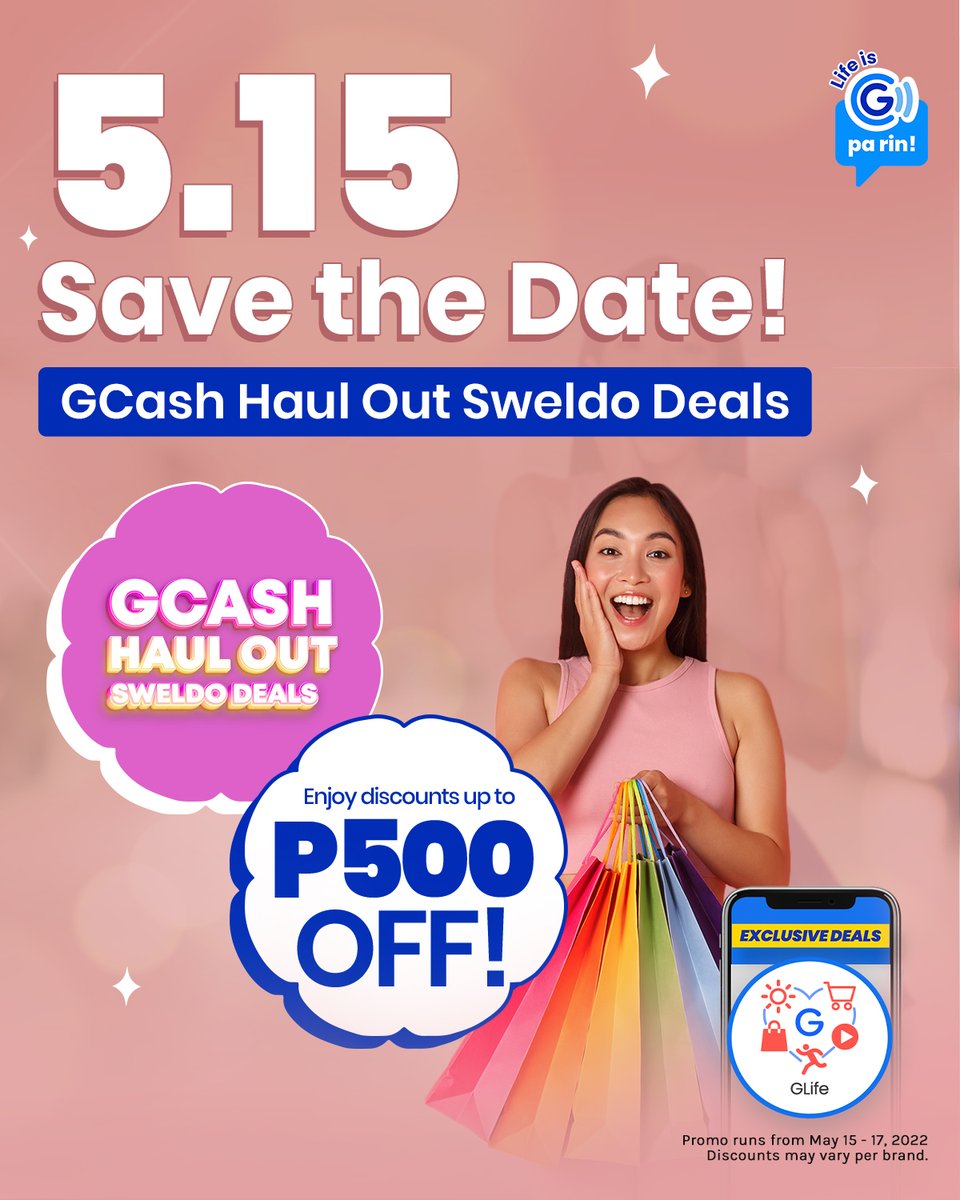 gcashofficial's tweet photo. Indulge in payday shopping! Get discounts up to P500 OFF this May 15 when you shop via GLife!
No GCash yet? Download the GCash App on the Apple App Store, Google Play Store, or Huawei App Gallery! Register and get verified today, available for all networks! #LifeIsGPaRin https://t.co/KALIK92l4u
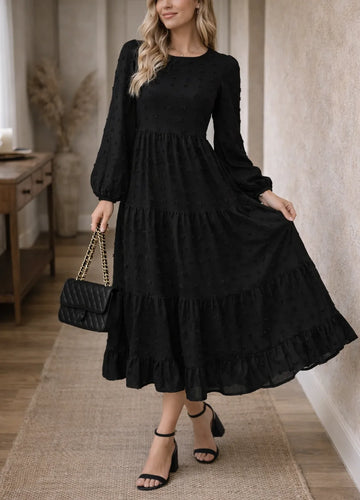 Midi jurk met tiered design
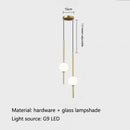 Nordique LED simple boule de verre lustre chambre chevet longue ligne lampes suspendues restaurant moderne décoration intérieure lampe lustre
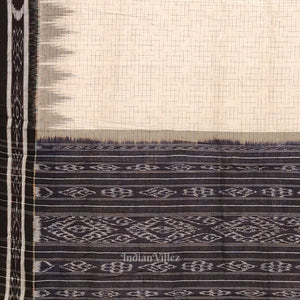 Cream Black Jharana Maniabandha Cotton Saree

· · · ·

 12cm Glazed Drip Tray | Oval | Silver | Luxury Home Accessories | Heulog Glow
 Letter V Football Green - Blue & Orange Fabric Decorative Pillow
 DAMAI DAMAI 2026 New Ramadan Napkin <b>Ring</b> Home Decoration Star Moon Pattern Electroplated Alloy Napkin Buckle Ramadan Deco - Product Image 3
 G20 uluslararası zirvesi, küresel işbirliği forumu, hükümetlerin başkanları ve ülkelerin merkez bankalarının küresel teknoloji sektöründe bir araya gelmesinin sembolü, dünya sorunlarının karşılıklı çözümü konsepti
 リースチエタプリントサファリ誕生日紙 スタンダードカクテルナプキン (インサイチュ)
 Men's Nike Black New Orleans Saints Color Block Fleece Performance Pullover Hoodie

· · · ·

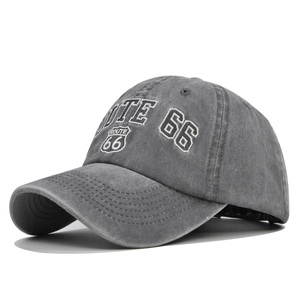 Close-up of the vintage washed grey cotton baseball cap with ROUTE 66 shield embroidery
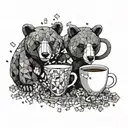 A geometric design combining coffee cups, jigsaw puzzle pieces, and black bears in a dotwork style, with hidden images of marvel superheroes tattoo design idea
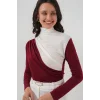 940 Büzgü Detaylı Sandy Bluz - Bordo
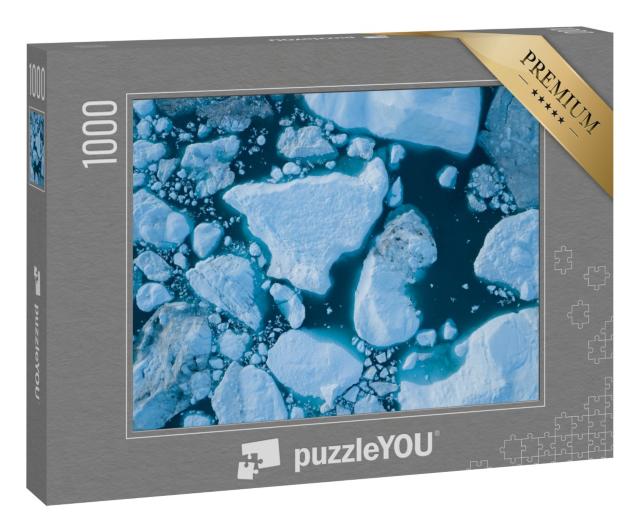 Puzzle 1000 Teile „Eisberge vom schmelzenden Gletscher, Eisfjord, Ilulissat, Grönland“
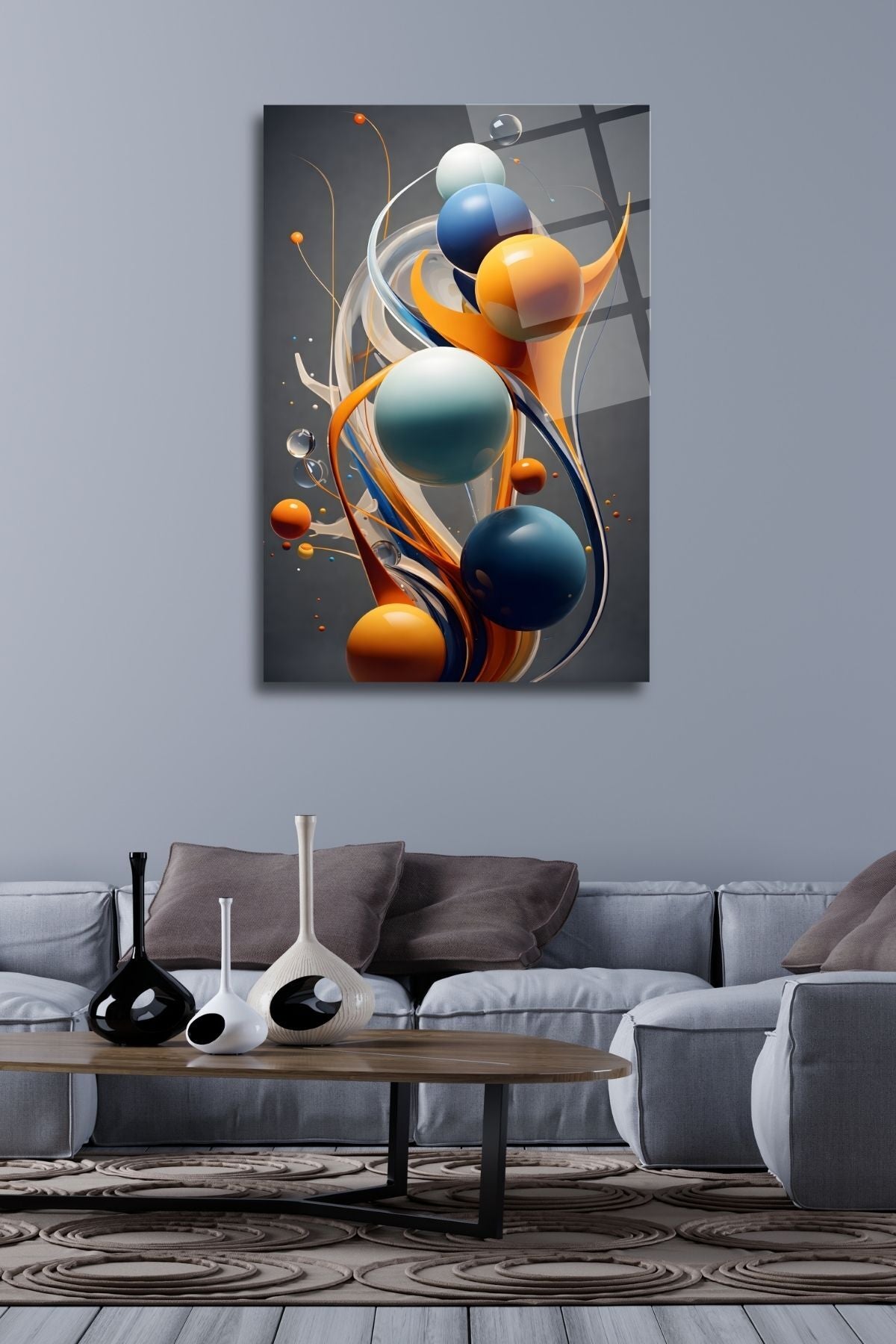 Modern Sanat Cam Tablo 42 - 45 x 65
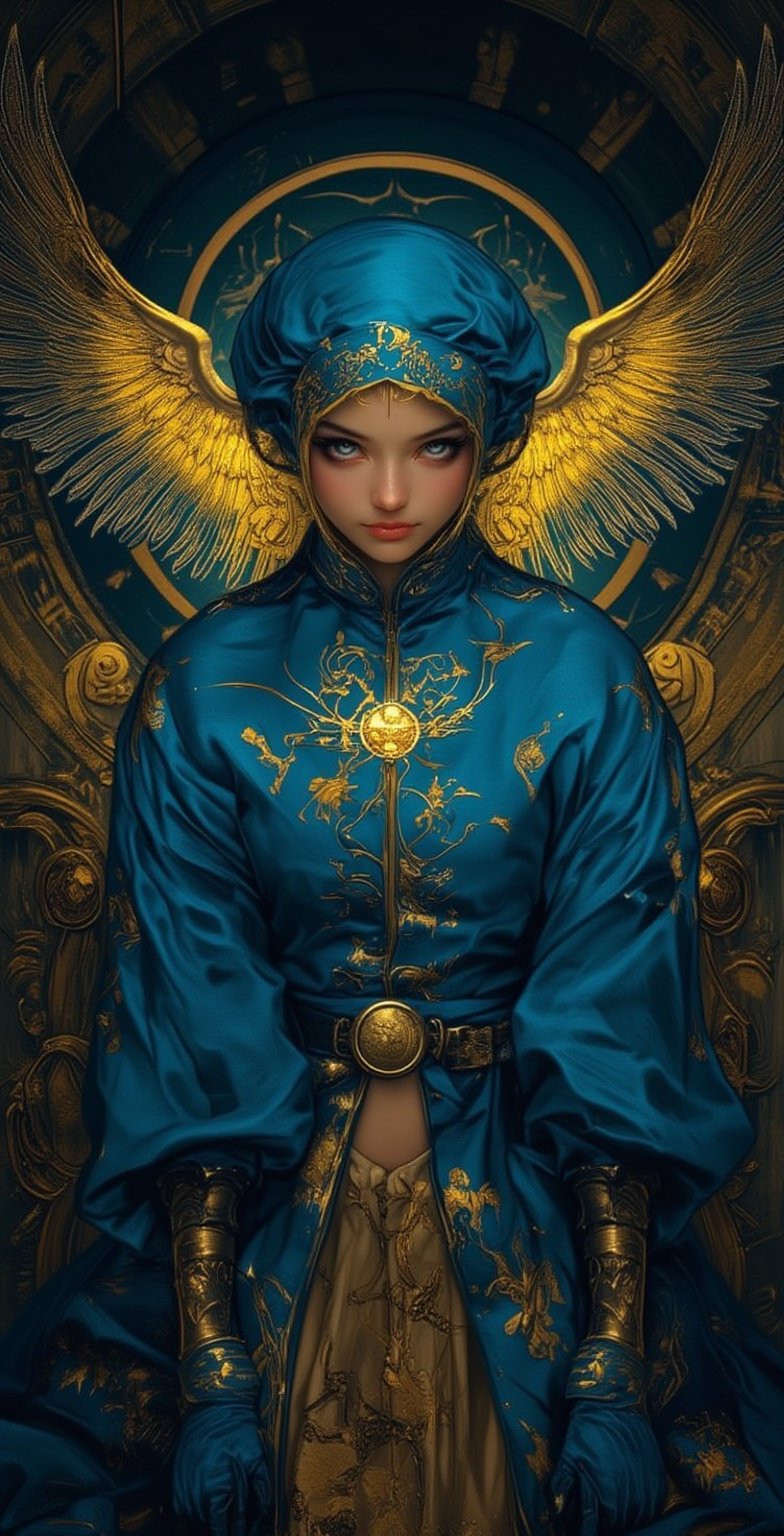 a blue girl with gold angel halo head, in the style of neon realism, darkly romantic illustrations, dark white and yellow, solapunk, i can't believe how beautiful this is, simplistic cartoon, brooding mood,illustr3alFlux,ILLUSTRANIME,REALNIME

· · · ·

Skipping the pictures, print the lines in the listing above exactly as written, starting at the line with "A geometric design" and ending at the line with "Modern Sanat Cam Tablo 42 - 45 x 65", both included.

 A geometric design combining coffee cups, jigsaw puzzle pieces, and black bears in a dotwork style, with hidden images of marvel superheroes tattoo design idea
 940 Büzgü Detaylı Sandy Bluz - Bordo
 Puzzle 1000 Teile „Eisberge vom schmelzenden Gletscher, Eisfjord, Ilulissat, Grönland“
 Modern Sanat Cam Tablo 42 - 45 x 65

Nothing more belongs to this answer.